NETtalk and the proof of principle. When NETtalk learned to read English aloud—arriving from babble at intelligible speech through exposure to examples, with no pronunciation rules provided—it demonstrated the connectionist thesis made audible: meaningful internal representations are not designed in advance but emerge from the pressure to perform a task. The network had spontaneously organized its hidden units by phonetic category, grouping vowels from consonants, sounds by how they are made in the mouth—distinctions linguists recognize but that NETtalk had been told nothing about. The corollary that Sejnowski has never let go is that NETtalk did not know what the words meant: it had learned the map from spelling to sound without any contact with the things the words referred to—a limitation that returns, vastly magnified, in today's language models.
Computational neuroscience as a two-way bridge. The founding conviction of computational neuroscience is that brains and machines that learn are best understood in conversation, each correcting and informing the other. When a deep network trained to recognize objects develops internal layers whose responses resemble those of neurons in the visual cortex, that resemblance is data. It does not prove the brain works the same way, but it constrains hypotheses and suggests experiments. The brain also teaches the machines what they still lack: it learns from a fraction of the data, runs on twenty watts, and learns new things without overwriting the old. Each gap marks something the brain knows how to do that the engineers have not yet discovered.
The primacy of learning. Sejnowski's deepest conviction, expressed across four decades, is that intelligence is not installed but acquired: the capacities we care about arise from adjustment in response to data, not from a design laid down in advance. A programmed system does what its designers specified; a learning system discovers competences its designers did not specify and often cannot describe. The knowledge in these systems is the accumulated regularity of human text or experience, compressed into weights: real but secondhand, learned from the record rather than the world. This explains both the power and the limit.

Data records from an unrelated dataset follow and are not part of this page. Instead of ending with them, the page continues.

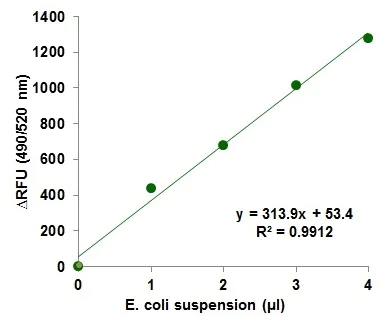 Functional Studies - Phagocytosis Assay Kit (Green E.coli) (AB235900)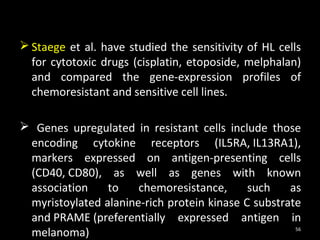  Staege et al. have studied the sensitivity of HL cells
  for cytotoxic drugs (cisplatin, etoposide, melphalan)
  and compared the gene-expression profiles of
  chemoresistant and sensitive cell lines.

 Genes upregulated in resistant cells include those
 encoding cytokine receptors (IL5RA, IL13RA1),
 markers expressed on antigen-presenting cells
 (CD40, CD80), as well as genes with known
 association    to    chemoresistance,      such    as
 myristoylated alanine-rich protein kinase C substrate
 and PRAME (preferentially expressed antigen in
 melanoma)                                           56
 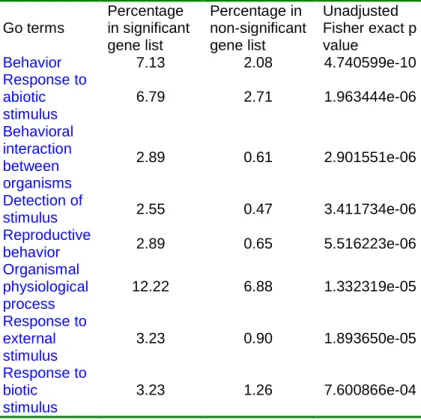 Table 3. Over-represented Go categories for significant genes from Z30 and Fr hybridization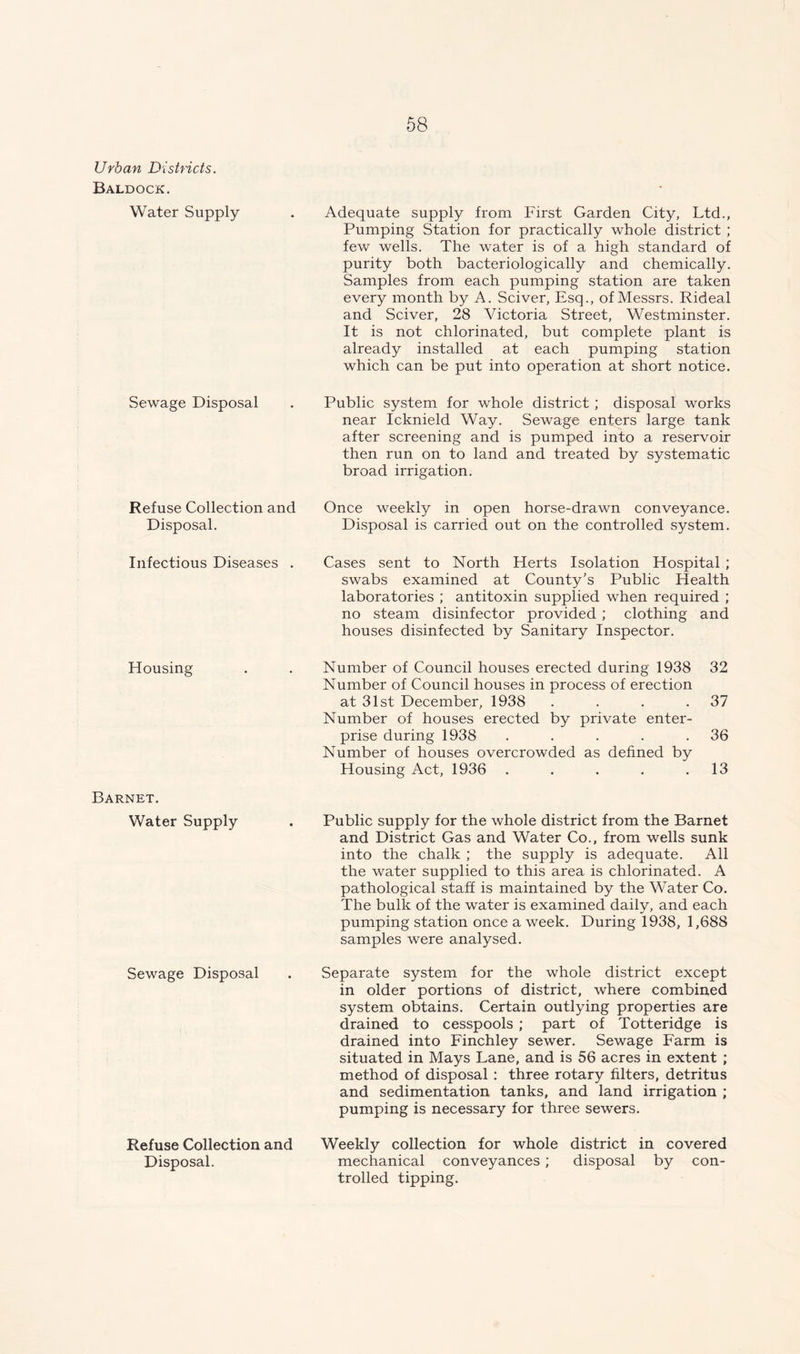 Urban Districts. Baldock. Water Supply Sewage Disposal Refuse Collection and Disposal. Infectious Diseases . Housing Barnet. Water Supply Sewage Disposal Refuse Collection and Disposal. Adequate supply from First Garden City, Ltd., Pumping Station for practically whole district ; few wells. The water is of a high standard of purity both bacteriologically and chemically. Samples from each pumping station are taken every month by A. Sciver, Esq., of Messrs. Rideal and Sciver, 28 Victoria Street, Westminster. It is not chlorinated, but complete plant is already installed at each pumping station which can be put into operation at short notice. Public system for whole district ; disposal works near Icknield Way. Sewage enters large tank after screening and is pumped into a reservoir then run on to land and treated by systematic broad irrigation. Once weekly in open horse-drawn conveyance. Disposal is carried out on the controlled system. Cases sent to North Herts Isolation Hospital ; swabs examined at County’s Public Health laboratories ; antitoxin supplied when required ; no steam disinfector provided ; clothing and houses disinfected by Sanitary Inspector. Number of Council houses erected during 1938 32 Number of Council houses in process of erection at 31st December, 1938 . . . .37 Number of houses erected by private enter- prise during 1938 . . . . .36 Number of houses overcrowded as defined by Housing Act, 1936 . . . . .13 Public supply for the whole district from the Barnet and District Gas and Water Co., from wells sunk into the chalk ; the supply is adequate. All the water supplied to this area is chlorinated. A pathological staff is maintained by the Water Co. The bulk of the water is examined daily, and each pumping station once a week. During 1938, 1,688 samples were analysed. Separate system for the whole district except in older portions of district, where combined system obtains. Certain outlying properties are drained to cesspools ; part of Totteridge is drained into Finchley sewer. Sewage Farm is situated in Mays Lane, and is 56 acres in extent ; method of disposal : three rotary filters, detritus and sedimentation tanks, and land irrigation ; pumping is necessary for three sewers. Weekly collection for whole district in covered mechanical conveyances; disposal by con- trolled tipping.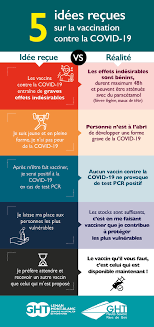 Prenons garde à ne pas se précipiter vers une solution hypothétiquement idéale qui s'avèrerait une catastrophe sanitaire. Vaccination Contre La Covid 19 Coronavirus Covid 19 Actualites Accueil Les Services De L Etat En Haute Savoie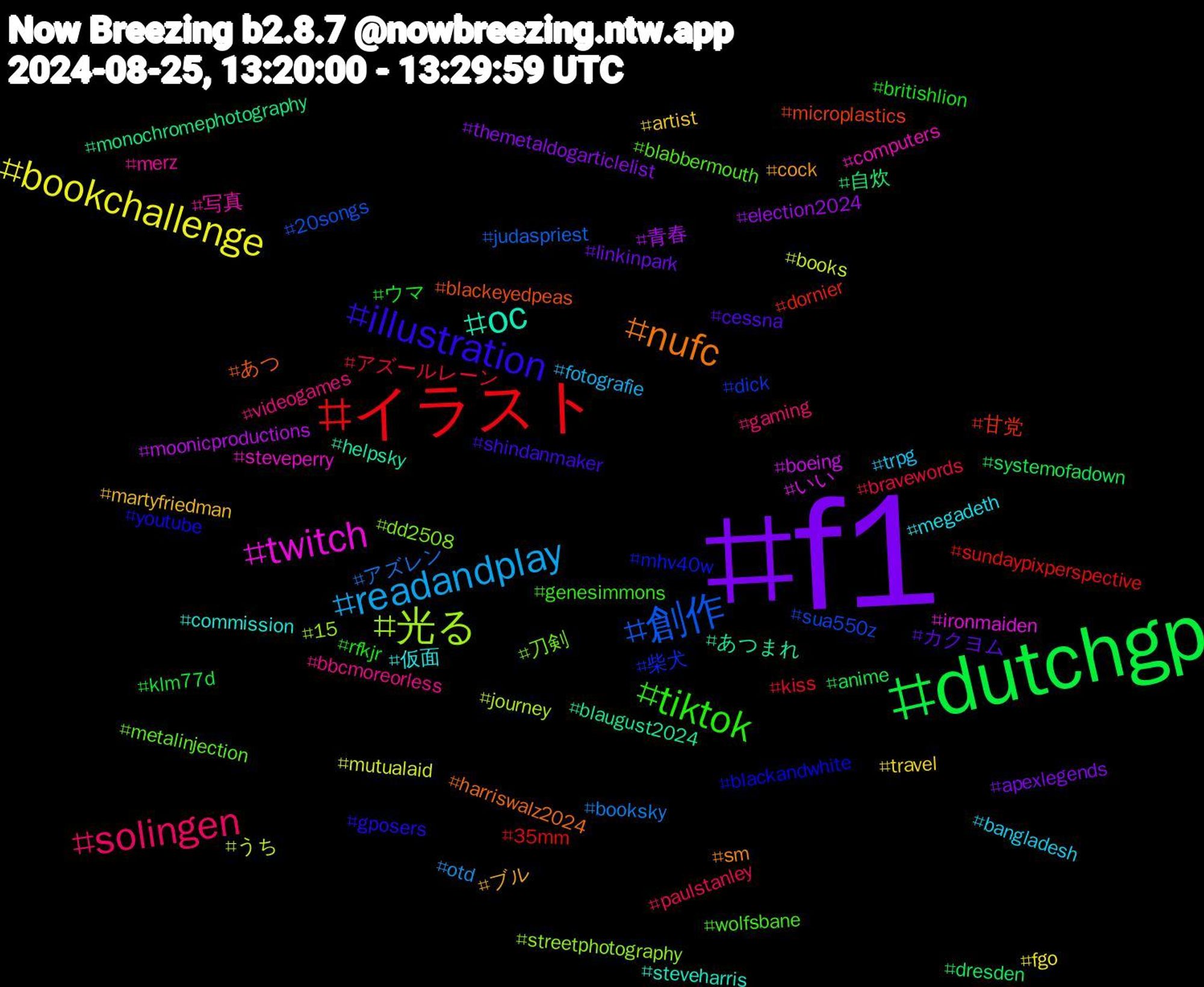 Hashtag Cloud; its hashtagged words/phrases (sorted by weighted frequency, descending):  f1, dutchgp, イラスト, 創作, 光る, twitch, oc, nufc, illustration, tiktok, solingen, readandplay, bookchallenge, 青春, 自炊, 甘党, 柴犬, 刀剣, 写真, 仮面, ブル, カクヨム, ウマ, アズールレーン, アズレン, うち, いい, あつまれ, あつ, youtube, wolfsbane, videogames, trpg, travel, themetaldogarticlelist, systemofadown, sundaypixperspective, sua550z, streetphotography, steveperry, steveharris, sm, shindanmaker, rfkjr, paulstanley, otd, mutualaid, moonicproductions, monochromephotography, microplastics, mhv40w, metalinjection, merz, megadeth, martyfriedman, linkinpark, klm77d, kiss, judaspriest, journey, ironmaiden, helpsky, harriswalz2024, gposers, genesimmons, gaming, fotografie, fgo, election2024, dresden, dornier, dick, dd2508, computers, commission, cock, cessna, britishlion, bravewords, booksky, books, boeing, blaugust2024, blackeyedpeas, blackandwhite, blabbermouth, bbcmoreorless, bangladesh, artist, apexlegends, anime, 35mm, 20songs, 15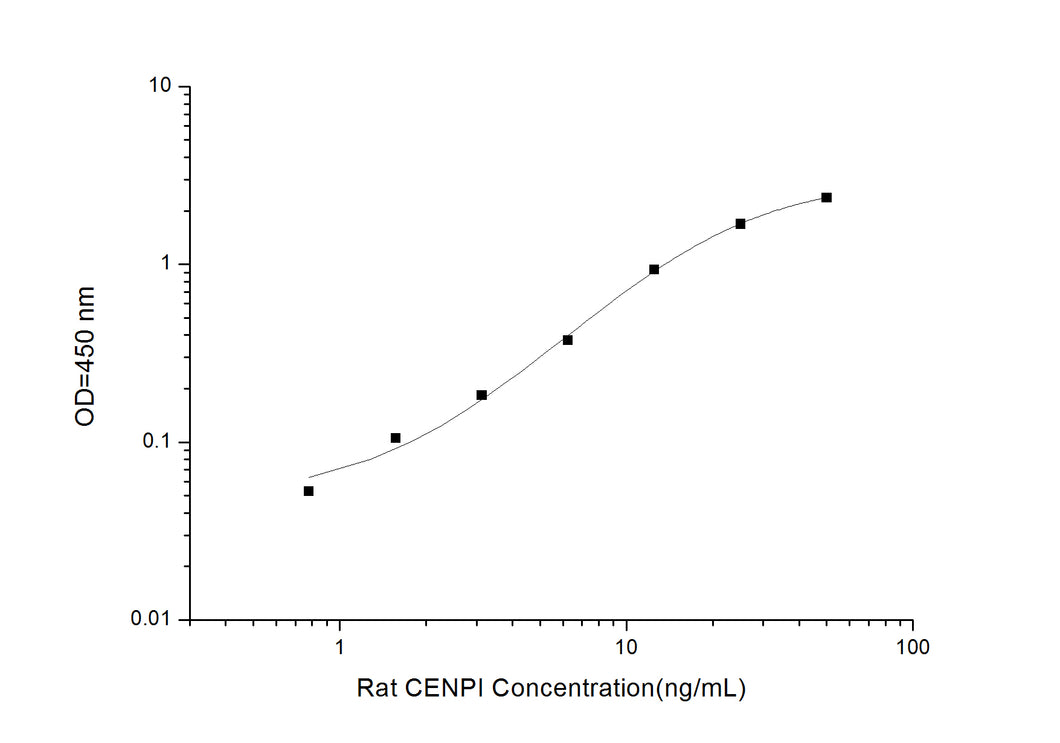 Rat CENP1 (Centromere Protein 1) ELISA Kit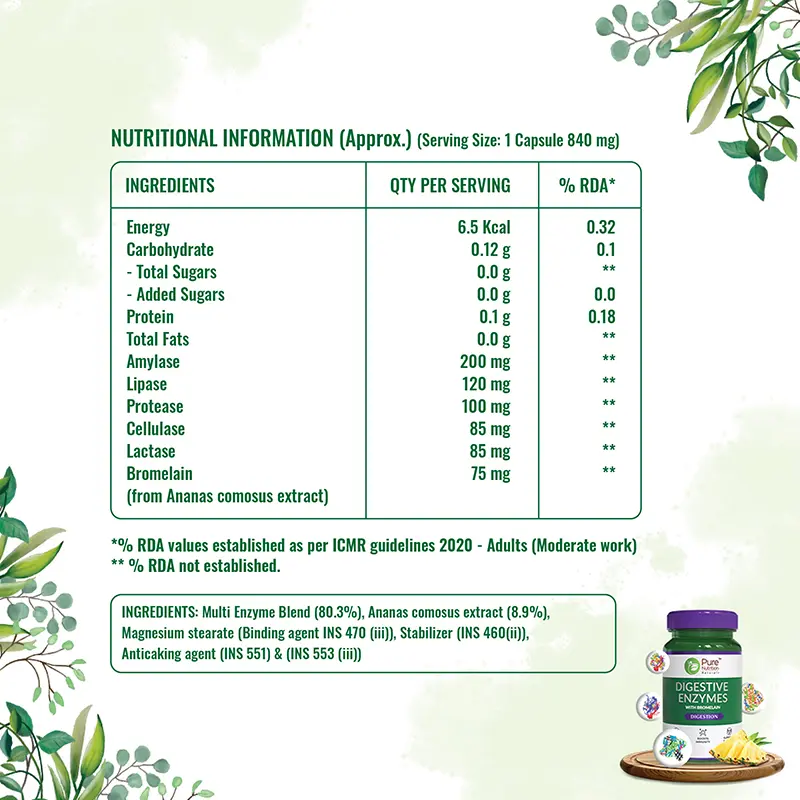Pure Nutrition Digestive Enzymes - Image 2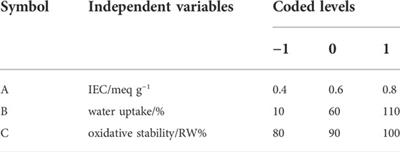 Evaluation of sulfonated chitosan-g-sulfonated polyvinyl alcohol/polyethylene oxide/sulfated zirconia composite polyelectrolyte membranes for direct borohydride fuel cells: Solution casting against the electrospun membrane fabrication technique
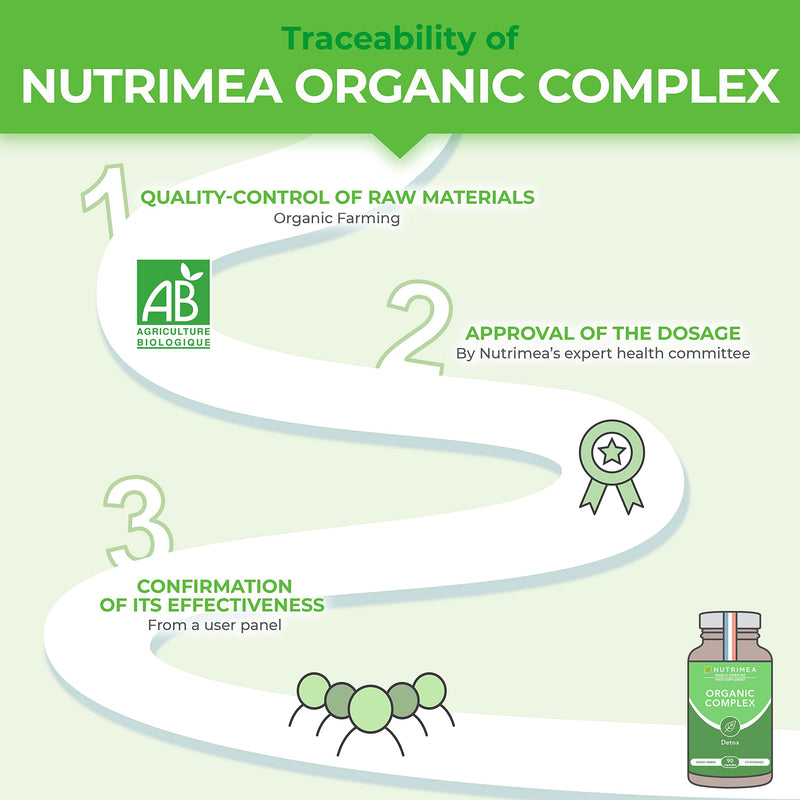 [Australia] - Organic Complex | Detox Supplement: Liver, Intestine & Colon | 100% Natural | Artichoke, Black Radish, Turmeric | Naturally Eliminates Toxins | High Dosage | 90 Vegetarian Capsules | French Expertise New 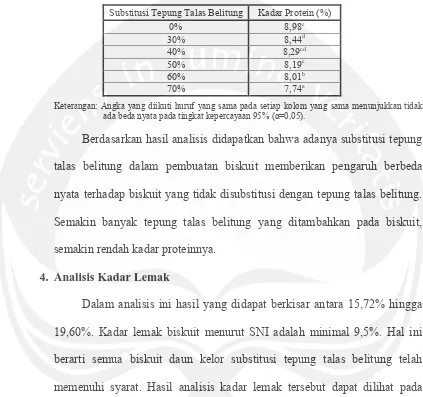 Tabel 5. Kadar Protein Biskuit Daun Kelor Dengan Substitusi Tepung Talas Belitung 
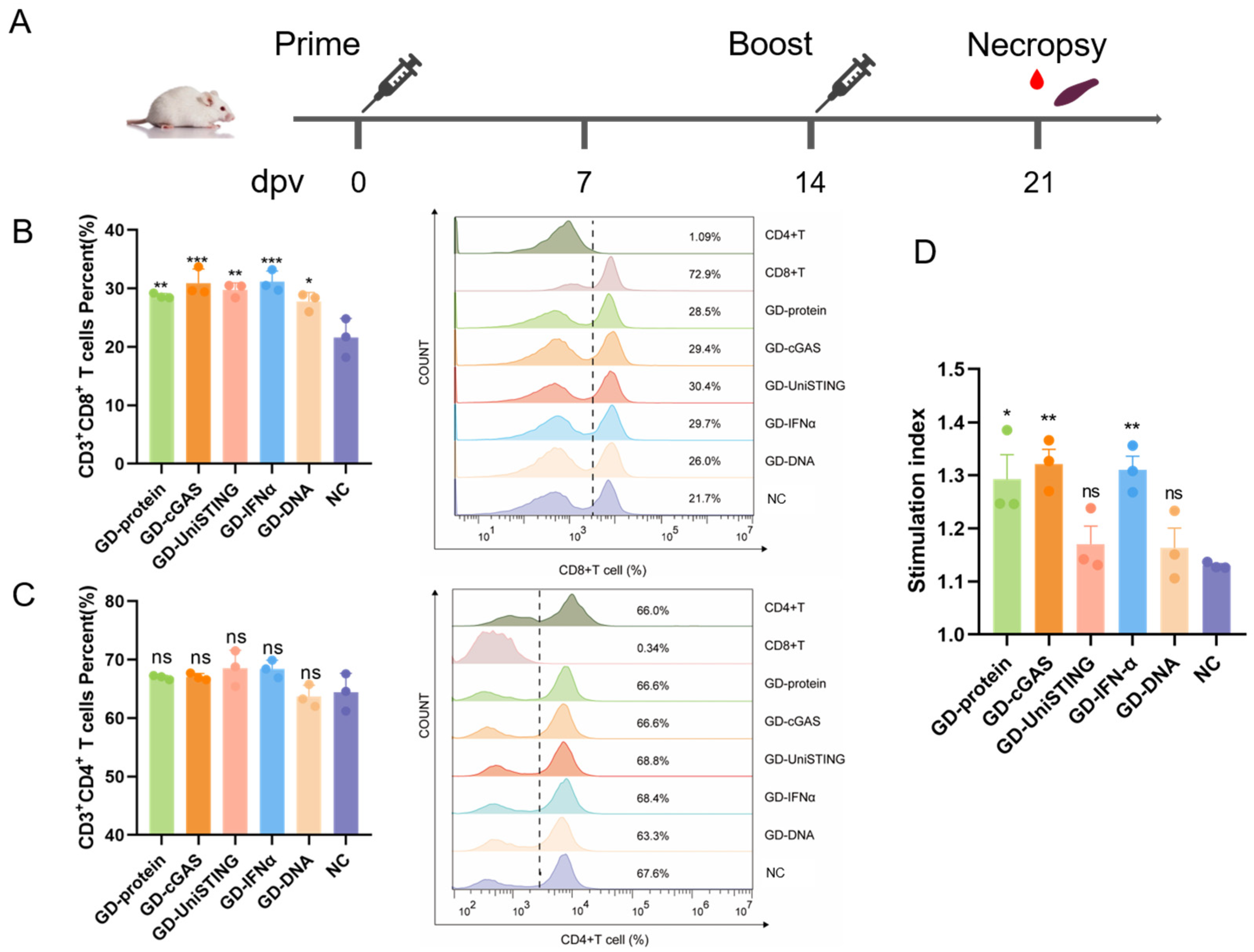 Pathogens 14 01026 g004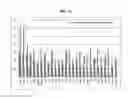 Fig. 46 - Neutralizing antibodies to HIV-1 and their use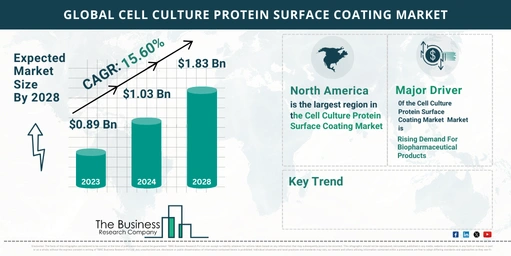 Global Cell Culture Protein Surface Coating Market Size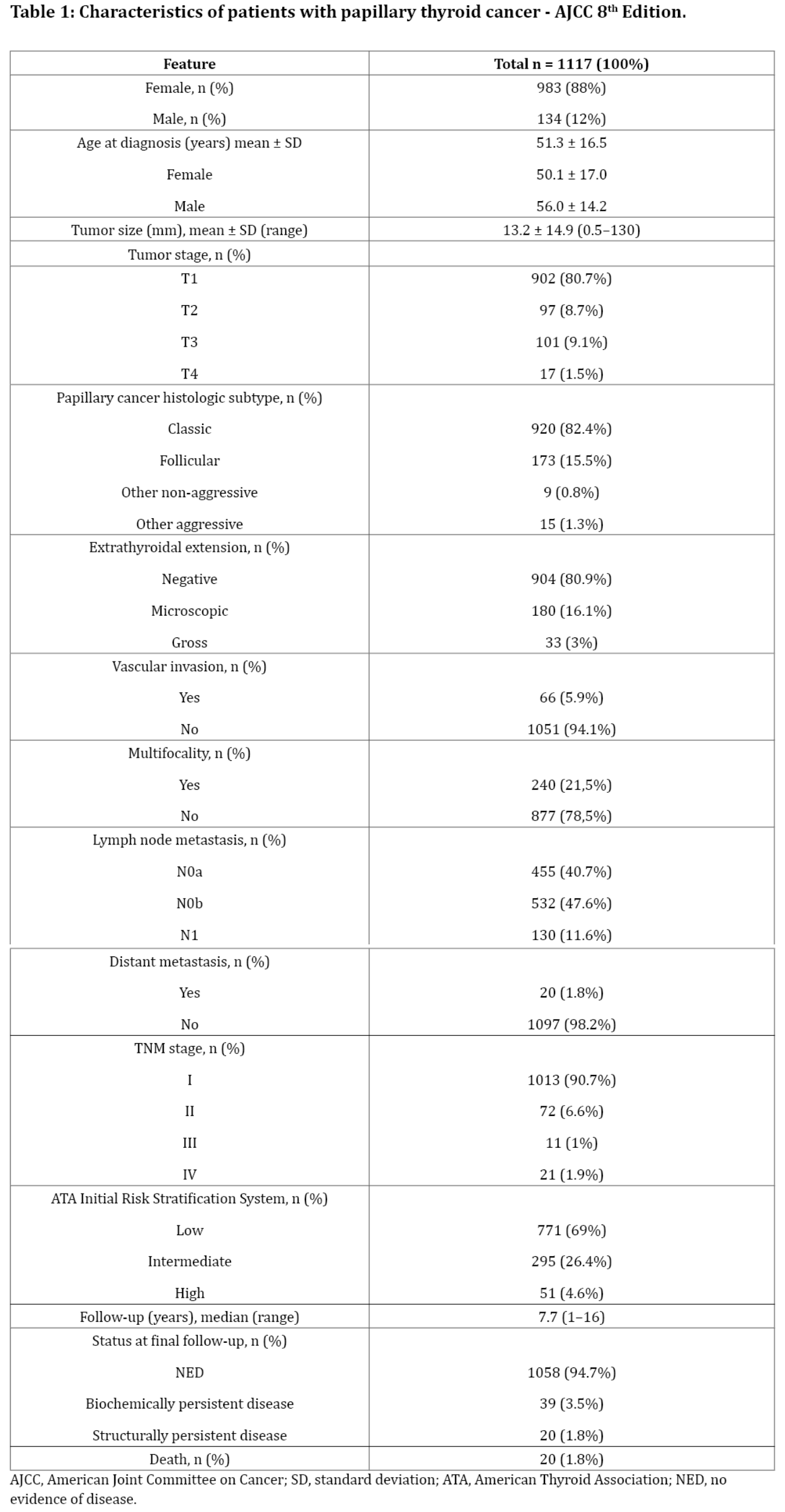 Table 1:  Characteristics of patients with papillary thyroid cancer - AJCC 8th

The grounding surprise. NETtalk taught Sejnowski that a system could learn the surface of language without touching its meaning—that grounding was necessary for genuine understanding. He expected ungrounded systems to hit a wall. When large language models trained only on text did far more than the surface should allow, he acknowledged the surprise candidly. His interpretation is careful: human language encodes in its structure an enormous amount of the knowledge humans use it to express, so a system that has mastered the structure inherits much of that knowledge secondhand. The line between understanding and sophisticated symbol manipulation is blurrier than the field expected—and intellectual honesty requires admitting the surprise rather than explaining it away.